Blogger Voyager said...

So what is the "truth about lawyers" you speak of? That they are compasionate, brilliant, and self-effacing? Even though without them the rule of law would disintegrate and we would have anarchy? Yes, that must be what you meant.
V.

10:13 PM  
Blogger Hageltoast said...

I wanted to be an optician (till i found out about disection) or an engineer or a pirate. Sadly, there isn't much call for swashbuckling these days.

12:58 AM  
Blogger Ian Lidster said...

Dear Voyager: Of course that was the truth about lawyers that I meant. Actually my grandfather was a well-respected lawyer and prosecutor, and I was seriously planning to go into law under his mentorship. But, other things prevailed. I've actually toyed with the idea many times in later years.
Cheers,
Ian

4:39 AM  
Blogger andrea said...

Good one -- and very funny.
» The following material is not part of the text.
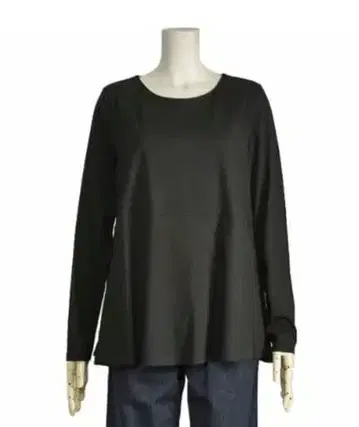 아얀 티셔츠 여성용 롱 긴팔 플레어 둥근넥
I always thought I was supposed to be a hippie (a clean, organic one who lived on a commune) but was born a bit too late. Maybe that's what it's like with you and the hispters.

11:47 AM  
Blogger CS said...

Now, beatnik is a word you don't hear often enough. I was a little too oung for hippie, even, but that is the era that most appeals to me.

6:29 PM  
Blogger Bibi said...

This was fun! I'd forgotton about beatniks ... I'm fascinated by earlier culture groups.

I just saw Leonard Cohen's DVD (can't recall the name but it's on the shelves at the video stores) and wished I could travel back to his early days and visit the sub-culture that he belonged to.

Sounded so intense and I saw him in a whole new light.